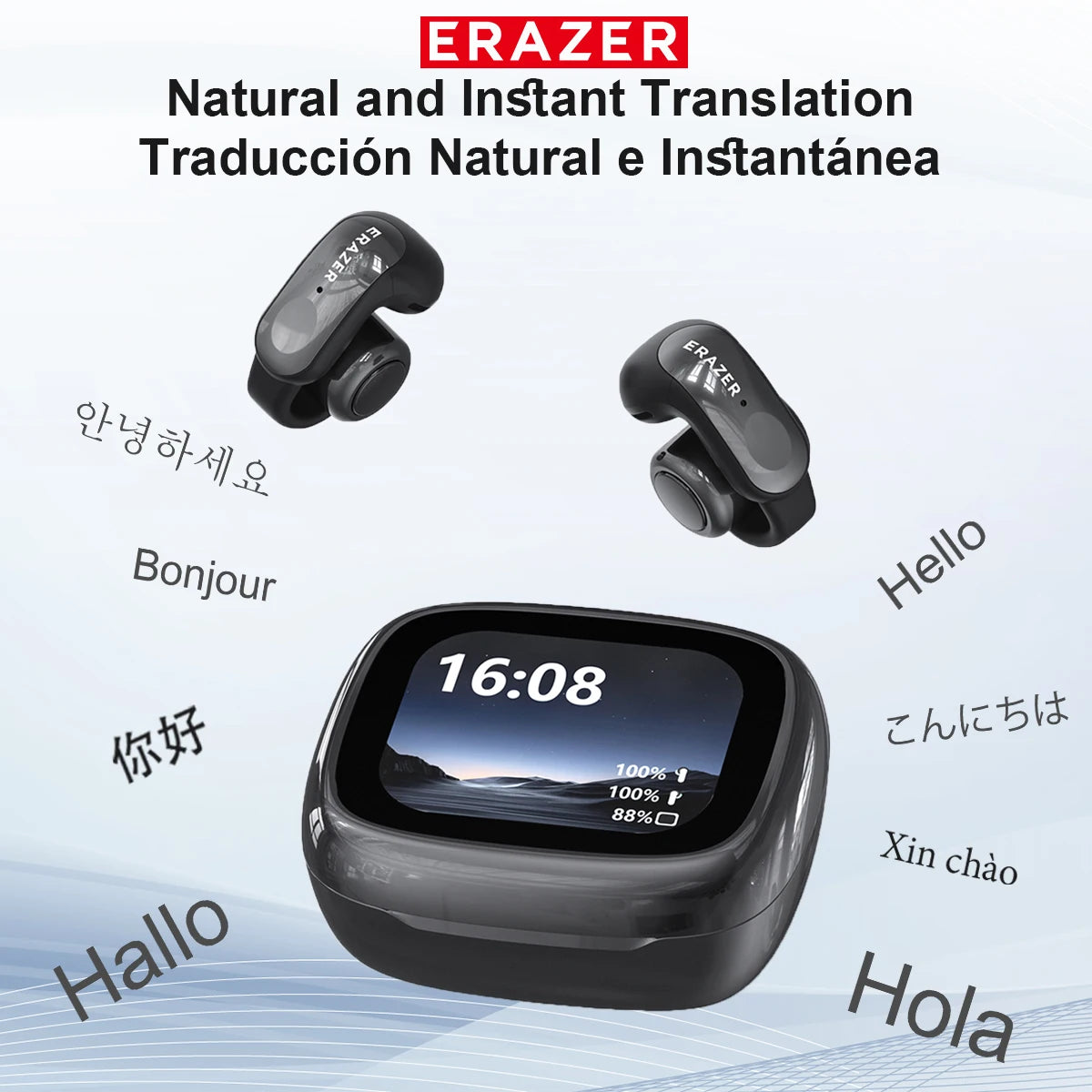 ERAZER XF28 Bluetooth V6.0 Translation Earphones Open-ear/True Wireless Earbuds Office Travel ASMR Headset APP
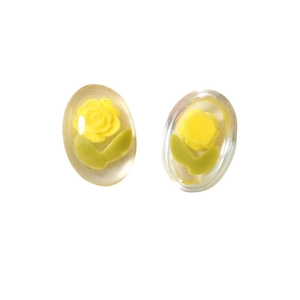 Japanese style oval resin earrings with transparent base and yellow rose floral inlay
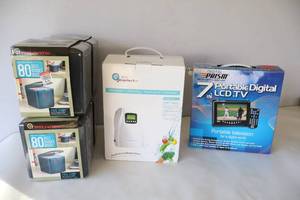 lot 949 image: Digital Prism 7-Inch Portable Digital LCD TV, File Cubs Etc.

* * *

- What needs to be done
Please give back the material above exactly as written, pictures omitted.

- Result of this exercise
 ERAZER XF28 Bluetooth V6.0 Translation Earphones Open-ear/True Wireless Earbuds Office Travel ASMR Headset APP
 Japanese style oval resin earrings with transparent base and yellow rose floral inlay
 lot 949 image: Digital Prism 7-Inch Portable Digital LCD TV, File Cubs Etc.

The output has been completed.